Lo primero era observar el paso de un satélite, el TRMM —o Tropical Rainfall Monitoring Mission—, con una magnitud de 1,4: una presa fácil. No vimos nada, parece que habíamos bajado con la almohada pegada.
Hacia el este ya se veía a la Luna y a Antares por sobre los techos vecinos y entre los árboles. La Luna estaba muy delgada, sólo mostraba el 9% de su superficie iluminada, aunque el resto del disco se dejaba adivinar en penumbras; los cuernos apuntaban hacia arriba, a 300° o las doce menos diez. Antares, una estrella roja como pocas, estaba a poco menos de un grado de distancia —como el diámetro de la Luna mide aproximadamente medio grado, es fácil calcular distancias cercanas a la Luna—, hacia el sur y por debajo de la línea de la Luna, esto es, en el extramo opuesto, a 120° o las doce y veinte.
No estábamos seguros de que pudiéramos llegar a observar la ocultación de Antares. Lo único que podíamos hacer era esperar que se diera antes de la salida del Sol.
Al rato se unió Venus para completar la conjunción, elevándose por sobre los techos vecinos a siete grados al este de la Luna, muy brillante y dominando sus alrededores. Y así, entre nubes que fueron cubriendo a Venus o a la Luna y Antares —rara vez a los tres astros juntos—, se nos fue pasando el tiempo, mientras observábamos a simple vista o con el telescopio lo que las nubes nos permitían.
Mientras aclaraba, la Luna se acercaba poco a poco a Antares. Cuando la distancia entre ambas era comparable a la parte más ancha de la hoz lunar, todavía faltaba bastante para la salida del Sol, de manera que ya palpitábamos la ocultación: era un hecho.
No había nubes cercanas, así que éstas no eran un factor a tomar en cuenta. Finalmente, esa pequeña distancia se cerró: Antares brilló por última vez por encima del horizonte lunar —tomen en cuenta que la imagen en el telescopio se ve invertida—, luego lo tocó, pareció encajarse en una de las entradas del borde irregular de la Luna y, tras un suspiro, desapareció. Eran las 6:10:38 (+/- 2 s). Según me contó la sofista, que seguía la ocultación a simple vista, Antares había dejado de ser visible unos veinte segundos antes.

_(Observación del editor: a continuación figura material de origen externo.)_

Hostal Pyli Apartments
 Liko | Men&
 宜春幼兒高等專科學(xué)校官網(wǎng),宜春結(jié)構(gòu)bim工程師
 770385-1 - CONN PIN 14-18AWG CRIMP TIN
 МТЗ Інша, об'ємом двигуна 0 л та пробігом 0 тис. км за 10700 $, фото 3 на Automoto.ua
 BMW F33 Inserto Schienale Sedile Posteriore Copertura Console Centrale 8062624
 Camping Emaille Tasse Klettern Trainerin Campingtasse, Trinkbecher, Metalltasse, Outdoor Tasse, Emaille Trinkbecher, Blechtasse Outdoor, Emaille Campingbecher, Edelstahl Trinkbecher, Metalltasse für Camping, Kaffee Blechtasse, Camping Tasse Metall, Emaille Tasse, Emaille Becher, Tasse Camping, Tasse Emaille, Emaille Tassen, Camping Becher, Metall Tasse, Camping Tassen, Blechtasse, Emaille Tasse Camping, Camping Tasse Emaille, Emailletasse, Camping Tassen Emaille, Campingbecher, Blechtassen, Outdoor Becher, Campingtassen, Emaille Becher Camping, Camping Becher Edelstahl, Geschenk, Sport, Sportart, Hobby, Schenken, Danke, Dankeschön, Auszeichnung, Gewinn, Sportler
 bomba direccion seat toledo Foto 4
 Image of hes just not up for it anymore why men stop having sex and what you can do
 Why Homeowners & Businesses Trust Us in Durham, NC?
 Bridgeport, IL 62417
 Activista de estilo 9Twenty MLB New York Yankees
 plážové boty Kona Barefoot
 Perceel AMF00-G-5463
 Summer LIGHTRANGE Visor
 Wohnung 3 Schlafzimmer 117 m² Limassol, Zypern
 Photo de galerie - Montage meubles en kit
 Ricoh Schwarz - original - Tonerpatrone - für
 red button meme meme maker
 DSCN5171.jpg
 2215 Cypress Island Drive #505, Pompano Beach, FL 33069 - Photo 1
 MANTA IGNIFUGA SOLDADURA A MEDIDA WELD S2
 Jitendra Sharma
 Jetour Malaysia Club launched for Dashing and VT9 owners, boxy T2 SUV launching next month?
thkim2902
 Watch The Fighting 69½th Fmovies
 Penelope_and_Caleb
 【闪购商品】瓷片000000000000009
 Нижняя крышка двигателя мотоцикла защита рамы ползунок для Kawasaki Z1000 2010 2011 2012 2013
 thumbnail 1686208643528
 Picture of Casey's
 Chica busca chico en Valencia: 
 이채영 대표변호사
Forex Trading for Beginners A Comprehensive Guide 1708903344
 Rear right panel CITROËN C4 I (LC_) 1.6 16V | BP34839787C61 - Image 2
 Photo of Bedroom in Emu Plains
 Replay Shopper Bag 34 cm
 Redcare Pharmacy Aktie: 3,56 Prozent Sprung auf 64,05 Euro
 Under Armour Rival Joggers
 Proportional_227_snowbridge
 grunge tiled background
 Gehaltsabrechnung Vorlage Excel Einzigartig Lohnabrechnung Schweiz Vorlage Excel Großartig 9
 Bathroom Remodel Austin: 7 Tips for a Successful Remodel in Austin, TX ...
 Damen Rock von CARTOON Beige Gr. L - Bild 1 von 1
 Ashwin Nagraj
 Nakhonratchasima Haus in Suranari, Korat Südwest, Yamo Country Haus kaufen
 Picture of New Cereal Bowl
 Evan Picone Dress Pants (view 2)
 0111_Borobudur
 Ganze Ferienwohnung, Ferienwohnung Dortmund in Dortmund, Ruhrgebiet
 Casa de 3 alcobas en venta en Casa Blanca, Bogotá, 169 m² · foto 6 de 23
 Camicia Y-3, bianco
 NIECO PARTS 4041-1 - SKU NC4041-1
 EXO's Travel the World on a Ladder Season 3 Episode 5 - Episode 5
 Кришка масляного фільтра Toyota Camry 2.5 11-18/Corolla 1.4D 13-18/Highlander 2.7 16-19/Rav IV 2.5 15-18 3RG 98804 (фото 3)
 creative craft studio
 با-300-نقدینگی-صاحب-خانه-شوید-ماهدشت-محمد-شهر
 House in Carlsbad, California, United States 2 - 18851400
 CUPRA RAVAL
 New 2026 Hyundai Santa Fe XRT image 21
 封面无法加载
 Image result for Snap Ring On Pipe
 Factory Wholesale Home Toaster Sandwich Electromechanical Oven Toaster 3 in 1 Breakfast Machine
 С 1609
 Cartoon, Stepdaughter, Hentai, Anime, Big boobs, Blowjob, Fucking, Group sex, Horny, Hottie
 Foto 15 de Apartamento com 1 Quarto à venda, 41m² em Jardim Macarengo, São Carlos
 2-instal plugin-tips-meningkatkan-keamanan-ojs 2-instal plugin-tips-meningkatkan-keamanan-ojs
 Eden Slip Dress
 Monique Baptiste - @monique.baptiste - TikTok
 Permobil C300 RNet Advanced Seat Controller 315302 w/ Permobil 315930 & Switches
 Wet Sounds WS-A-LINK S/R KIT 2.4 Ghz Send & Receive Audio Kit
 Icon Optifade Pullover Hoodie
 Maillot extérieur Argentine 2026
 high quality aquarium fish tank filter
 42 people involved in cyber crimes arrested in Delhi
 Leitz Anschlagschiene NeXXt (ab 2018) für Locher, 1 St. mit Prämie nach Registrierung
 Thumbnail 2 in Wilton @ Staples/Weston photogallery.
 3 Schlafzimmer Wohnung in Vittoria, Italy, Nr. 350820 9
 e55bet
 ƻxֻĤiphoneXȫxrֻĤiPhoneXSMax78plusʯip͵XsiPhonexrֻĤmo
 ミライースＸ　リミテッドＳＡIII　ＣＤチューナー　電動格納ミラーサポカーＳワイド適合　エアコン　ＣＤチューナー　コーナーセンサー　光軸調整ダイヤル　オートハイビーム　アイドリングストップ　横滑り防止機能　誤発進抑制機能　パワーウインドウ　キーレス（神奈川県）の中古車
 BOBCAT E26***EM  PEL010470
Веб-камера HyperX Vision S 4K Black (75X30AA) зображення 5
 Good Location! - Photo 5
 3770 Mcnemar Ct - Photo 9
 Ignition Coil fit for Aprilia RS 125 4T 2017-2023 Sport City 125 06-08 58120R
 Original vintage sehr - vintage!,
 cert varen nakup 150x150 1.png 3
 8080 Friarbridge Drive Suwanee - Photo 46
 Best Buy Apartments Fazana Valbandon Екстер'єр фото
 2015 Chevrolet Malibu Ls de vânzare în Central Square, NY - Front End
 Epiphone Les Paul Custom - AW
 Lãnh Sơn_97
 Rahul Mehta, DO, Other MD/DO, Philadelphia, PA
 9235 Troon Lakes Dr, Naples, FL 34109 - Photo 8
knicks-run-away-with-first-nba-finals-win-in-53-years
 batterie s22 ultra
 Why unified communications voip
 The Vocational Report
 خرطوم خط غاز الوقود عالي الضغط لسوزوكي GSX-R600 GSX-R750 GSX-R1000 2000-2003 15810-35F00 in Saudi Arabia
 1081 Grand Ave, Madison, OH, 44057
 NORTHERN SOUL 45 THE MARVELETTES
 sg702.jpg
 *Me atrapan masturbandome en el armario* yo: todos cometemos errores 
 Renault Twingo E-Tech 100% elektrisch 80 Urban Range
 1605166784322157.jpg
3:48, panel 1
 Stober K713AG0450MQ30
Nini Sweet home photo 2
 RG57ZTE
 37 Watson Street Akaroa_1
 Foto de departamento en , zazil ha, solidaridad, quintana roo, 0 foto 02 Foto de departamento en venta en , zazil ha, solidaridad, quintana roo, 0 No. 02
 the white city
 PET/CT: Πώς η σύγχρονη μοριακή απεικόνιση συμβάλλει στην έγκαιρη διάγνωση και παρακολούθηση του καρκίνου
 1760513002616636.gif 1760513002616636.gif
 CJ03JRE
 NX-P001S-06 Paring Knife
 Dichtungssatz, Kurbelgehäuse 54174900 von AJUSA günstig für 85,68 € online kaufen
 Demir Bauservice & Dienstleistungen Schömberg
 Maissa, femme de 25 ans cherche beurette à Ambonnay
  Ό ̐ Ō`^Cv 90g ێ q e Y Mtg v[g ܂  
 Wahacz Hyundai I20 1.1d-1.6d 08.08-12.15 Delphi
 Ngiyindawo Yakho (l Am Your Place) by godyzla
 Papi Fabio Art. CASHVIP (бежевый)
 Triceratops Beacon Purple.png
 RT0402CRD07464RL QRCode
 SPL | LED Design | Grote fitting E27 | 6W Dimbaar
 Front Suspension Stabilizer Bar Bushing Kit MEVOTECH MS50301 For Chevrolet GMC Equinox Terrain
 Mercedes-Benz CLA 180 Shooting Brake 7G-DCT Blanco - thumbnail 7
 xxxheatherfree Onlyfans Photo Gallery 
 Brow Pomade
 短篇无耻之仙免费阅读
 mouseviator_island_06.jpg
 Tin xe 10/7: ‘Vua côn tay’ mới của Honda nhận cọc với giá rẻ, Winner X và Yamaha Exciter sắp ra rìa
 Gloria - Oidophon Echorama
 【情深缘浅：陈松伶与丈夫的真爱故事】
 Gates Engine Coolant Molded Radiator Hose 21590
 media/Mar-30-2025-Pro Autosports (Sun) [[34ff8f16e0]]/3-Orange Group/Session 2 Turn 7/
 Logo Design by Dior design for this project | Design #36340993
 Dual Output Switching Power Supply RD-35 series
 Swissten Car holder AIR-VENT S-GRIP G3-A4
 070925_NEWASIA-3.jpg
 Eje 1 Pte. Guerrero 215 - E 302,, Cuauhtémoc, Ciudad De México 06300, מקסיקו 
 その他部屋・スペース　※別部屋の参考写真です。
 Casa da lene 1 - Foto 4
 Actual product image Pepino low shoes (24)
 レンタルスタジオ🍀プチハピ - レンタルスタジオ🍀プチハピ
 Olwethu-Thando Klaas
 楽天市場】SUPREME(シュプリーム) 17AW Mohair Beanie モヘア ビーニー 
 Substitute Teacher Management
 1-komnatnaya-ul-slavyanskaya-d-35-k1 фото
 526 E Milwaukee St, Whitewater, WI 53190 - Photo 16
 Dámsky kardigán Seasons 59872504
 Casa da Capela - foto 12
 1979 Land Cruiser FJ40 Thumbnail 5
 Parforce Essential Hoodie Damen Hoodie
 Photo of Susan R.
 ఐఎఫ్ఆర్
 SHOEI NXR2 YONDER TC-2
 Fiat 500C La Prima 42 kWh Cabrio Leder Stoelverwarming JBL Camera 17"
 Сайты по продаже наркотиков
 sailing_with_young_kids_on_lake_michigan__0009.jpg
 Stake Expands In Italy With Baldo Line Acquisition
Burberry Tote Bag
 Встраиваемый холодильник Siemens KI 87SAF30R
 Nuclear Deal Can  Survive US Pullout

Pasado el momento cumbre de la mañana, seguimos observando a Venus por un rato, tratando de ponernos de acuerdo sobre la fase, si había llegado al medio disco o le faltaba un poco. Unos minutos después bajó la temperatura y nos fuimos para adentro de la casa. Como faltaba poco para que asomara el Sol me quedé levantado, pero fue un amanecer sin gracia alguna: sólo había nubes cuyo color variaba entre el amarillo sucio y el negro. Nada espectacular como los tonos rojos y negros que habíamos visto la vez pasada —en la lunación anterior nos quedamos dormidos y nos levantamos muy tarde para observar la conjunción de Venus y la Luna: la luz de Venus se perdía en el amanecer pero ¡qué amanecer!—.
Luego siguió la aventura de volver a dormirme pese a todos los ruidos de una ciudad que lentamente se despertaba. Es difícil vivir a contramano.